20 Maggio 2025

Dalla valutazione del rischio alla risposta del revisore: l’attuazione concreta del Risk-Based Approach

di Costantino MagroPierluigi Magro
Scarica in PDF

Nel processo di revisione contabile, la sola valutazione del rischio non basta. La vera efficacia dell’approccio basato sul rischio si realizza nel momento in cui il revisore traduce tale valutazione in azioni concrete, mirate e proporzionate ai rischi individuati. Questo passaggio cruciale – disciplinato dal principio ISA 330 – rappresenta il naturale sviluppo del percorso tracciato dall’ISA 300 (pianificazione della revisione) e dall’ISA 315 (identificazione e valutazione dei rischi di errori significativi) (si veda “Pianificazione della revisione legale: dalla strategia generale al risk-based approach“).

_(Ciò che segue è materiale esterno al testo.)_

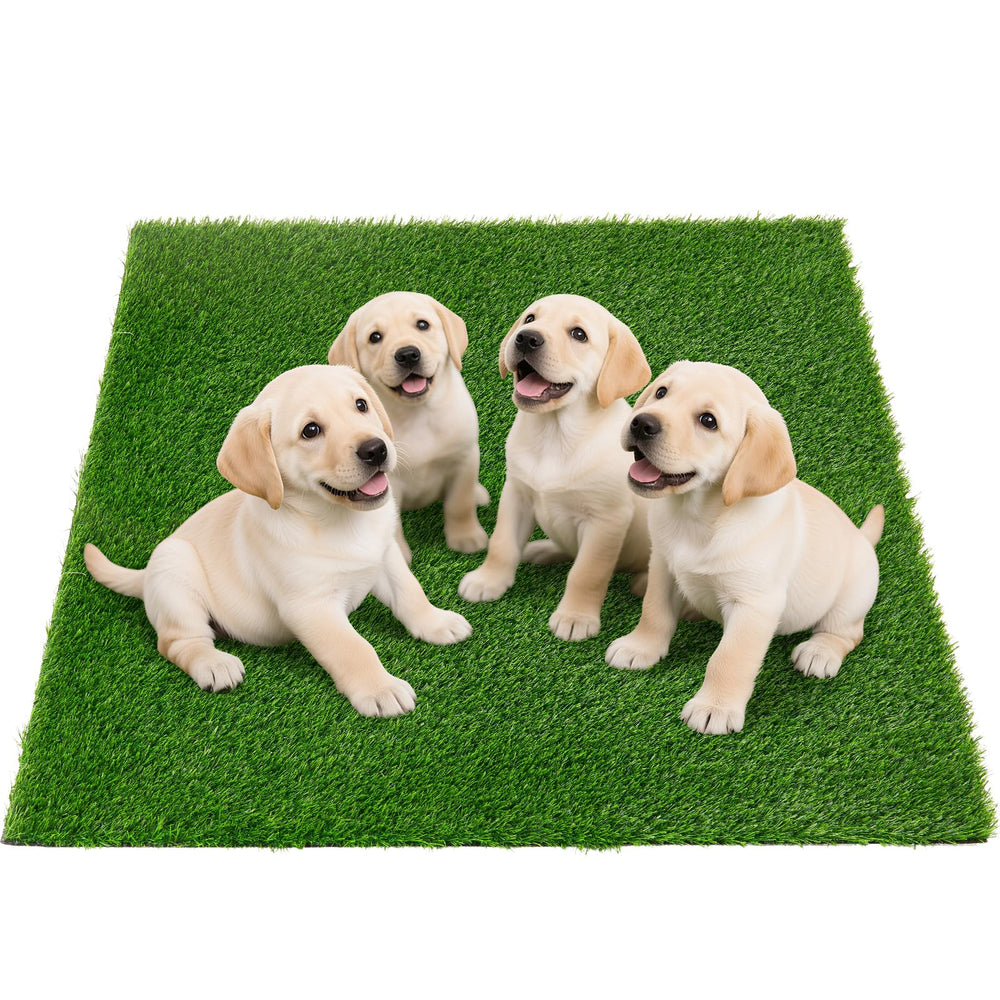 Oiyeefo césped artificial para perros grande, ideal para entrenamiento y juego interior.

L’obiettivo ultimo della revisione, secondo il quadro normativo di riferimento, è duplice: acquisire una ragionevole sicurezza che il bilancio d’esercizio, nel suo complesso, non contenga errori significativi, siano essi dovuti a frodi o a comportamenti non intenzionali; emettere una relazione che rifletta in modo fedele l’attività svolta e i risultati raggiunti.

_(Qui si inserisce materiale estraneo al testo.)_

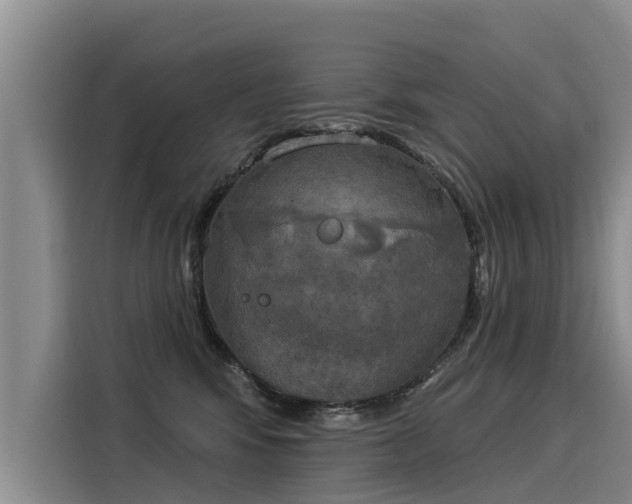 X0000116030424200911271140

Il concetto di ragionevole sicurezza implica un livello elevato, ma non assoluto, di affidabilità. Per ottenerlo, il revisore deve raccogliere elementi probativi sufficienti e appropriati, che costituiscono la base solida e documentata per formulare il proprio giudizio professionale, così come rappresentato nell’ISA 500.

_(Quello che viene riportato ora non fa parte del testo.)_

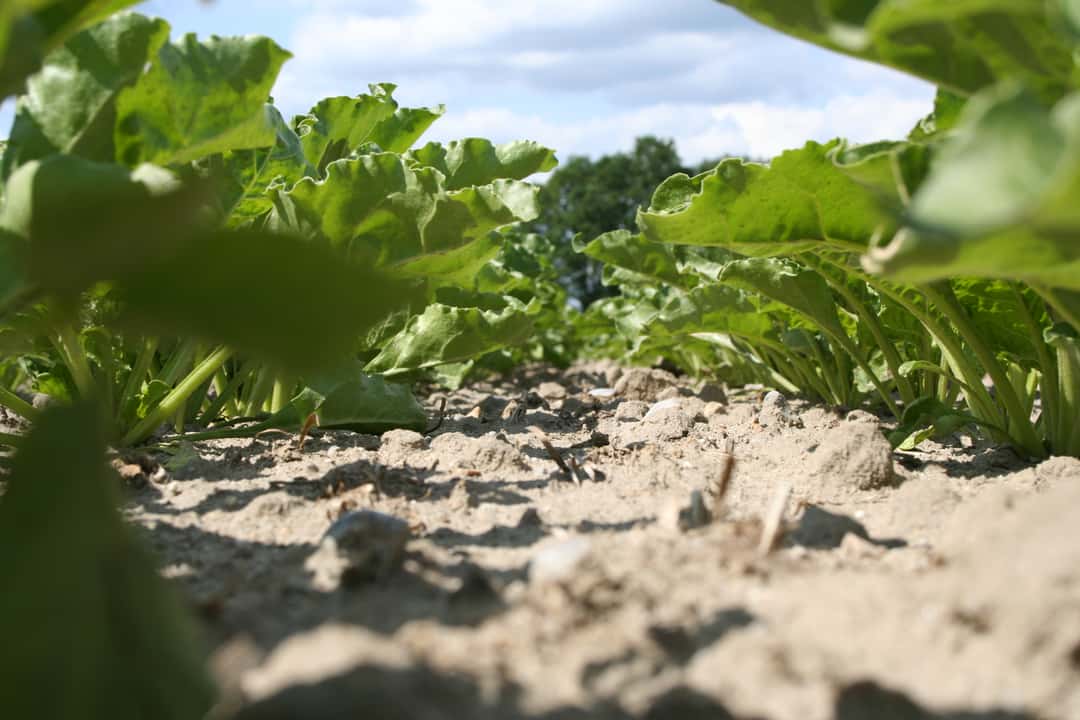 Die Top-Rübensorten | top agrar online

È in questa fase – quella della risposta ai rischi identificati – che si misura la qualità dell’intervento del revisore: la sua capacità di reagire in modo tempestivo, proporzionato e documentato ai fattori di rischio rilevati, indirizzando le procedure verso le aree di maggiore esposizione e rafforzando la credibilità del processo di revisione.

 

Coerenza tra valutazione del rischio e risposta del revisore

Uno degli aspetti essenziali del principio ISA 330 è la necessità di assicurare coerenza logica e operativa tra la valutazione dei rischi effettuata (ISA 315) e le risposte predisposte dal revisore. Tale coerenza non è soltanto un criterio metodologico: è una condizione imprescindibile per garantire l’affidabilità del giudizio finale e la robustezza degli elementi probativi raccolti. Invero, dopo aver identificato e valutato i rischi di errori significativi – sia a livello di bilancio sia a livello delle singole asserzioni – il revisore è chiamato a definire risposte specifiche che riflettano la gravità del rischio. Questa risposta non può essere generica o scollegata: deve rappresentare una traiettoria diretta e verificabile che colleghi il rischio individuato all’attività svolta. In tal senso, quando viene identificato un rischio significativo – ad esempio nell’area dei ricavi – non è metodologicamente corretto limitarsi all’applicazione di test standardizzati. Una risposta coerente e proporzionata richiede l’adozione di procedure sostanziali estese, l’esecuzione di verifiche documentali puntuali, l’analisi delle condizioni contrattuali, nonché il confronto con fonti esterne indipendenti, come ordini di vendita, documenti di trasporto o conferme bancarie.

Allo stesso modo, la presenza di un rischio intrinseco elevato associato a operazioni complesse – come nel caso della contabilizzazione di strumenti finanziari o operazioni straordinarie – impone l’integrazione di competenze specialistiche e lo svolgimento di procedure di valutazione approfondite, mirate a verificare l’appropriatezza delle stime, delle ipotesi sottostanti e dei criteri contabili adottati.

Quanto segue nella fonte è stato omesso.